Hello,
I have an R regression problem that has been confusing me for the past two years, and I was hoping to reach out to this community for some guidance. It seems like it should be a simple regression model, but the considerations of the study design have pushed me in many different directions, and it appears to be much more complex than I was initially anticipating.
Here is the study to summarize it:
I want to find the effect of ceiling insulation on indoor room temperature. For my experiment, I looked at four different rooms in the same building. Two rooms had ceiling insulation, and two rooms did not have ceiling insulation. I placed a single temperature sensor in each room that took a temperature reading in Fahrenheit once a day. The temperature sensors were not synchronized at the same minute, but they were all initiated on the same day. My hypothesis is that during the summer, having ceiling insulation in a room will lead to cooler overall indoor room temperature than if the room had no ceiling insulation. My research question is thus: Did the two rooms with ceiling insulation have an overall cooler indoor temperature than the two rooms without ceiling insulation? Or more broadly: from this experiment, can we conclude that ceiling insulation causes indoor temperatures to be cooler during the summer?

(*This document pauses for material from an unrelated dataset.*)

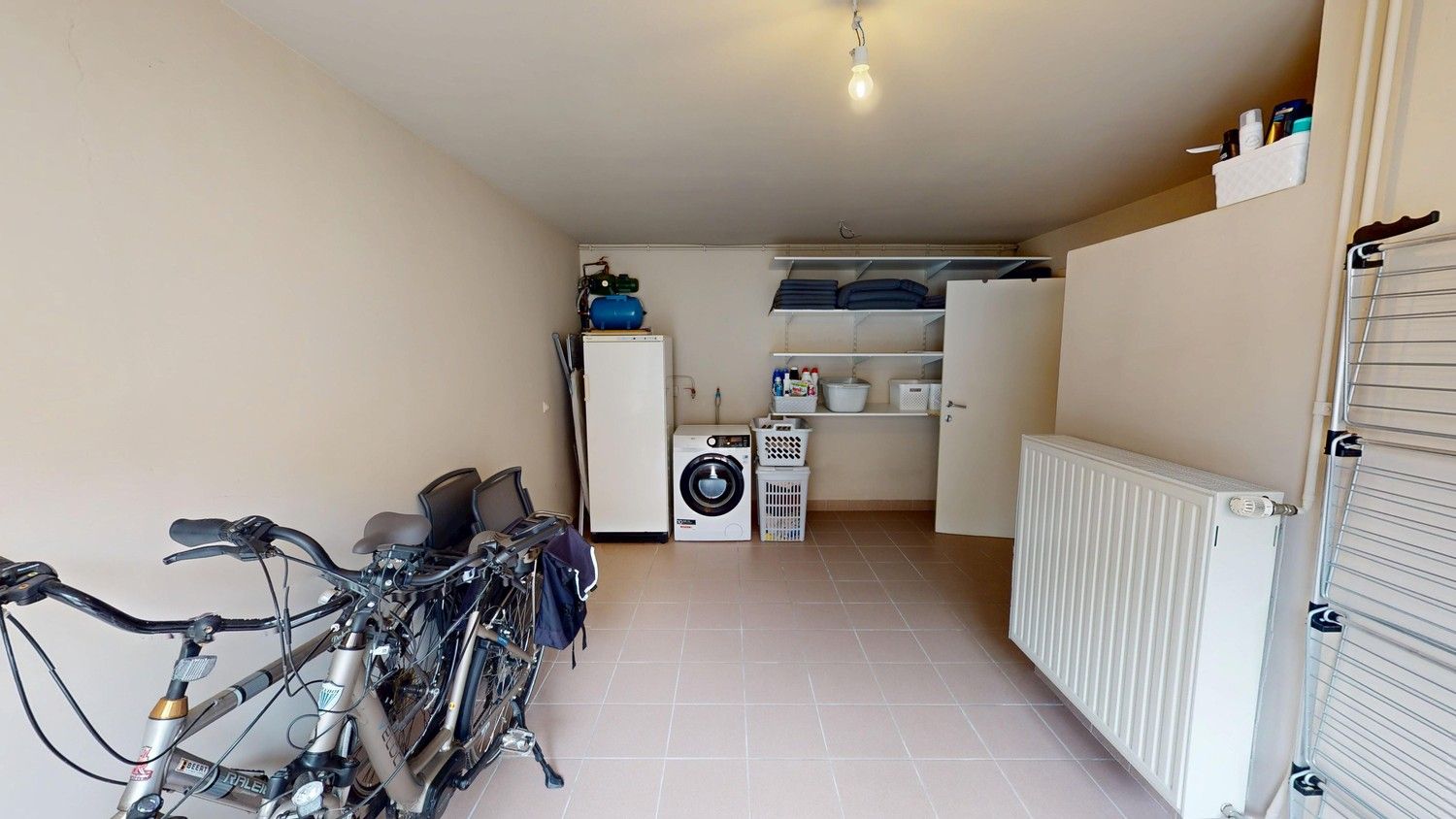 Zeer ruime woning met 4 slaapkamers te koop! foto 10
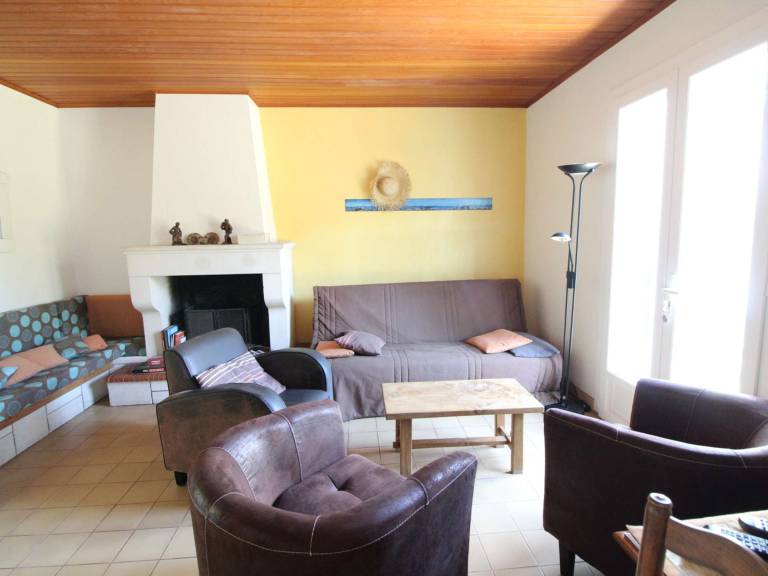 House with barbecue — photo 2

In my attached example data csv file: Date is the date of each temperature reading. Room is one of the four rooms I am looking at, where IA: Insulation A (room with insulation A), IB: Insulation B (room with insulation B), NIA: No Insulation A (room with no insulation A), NIB: No Insulation B (room with no insulation[' B). Insulation: a binary where 1 = yes insulation and 2 = no insulation. Temperature.F: temperature reading in Fahrenheit at the corresponding date. (Please note that this is just an example file to show the structure of the data I am working with. The temperature values here are random, so you would of course not find any trends or actual meaningful results.)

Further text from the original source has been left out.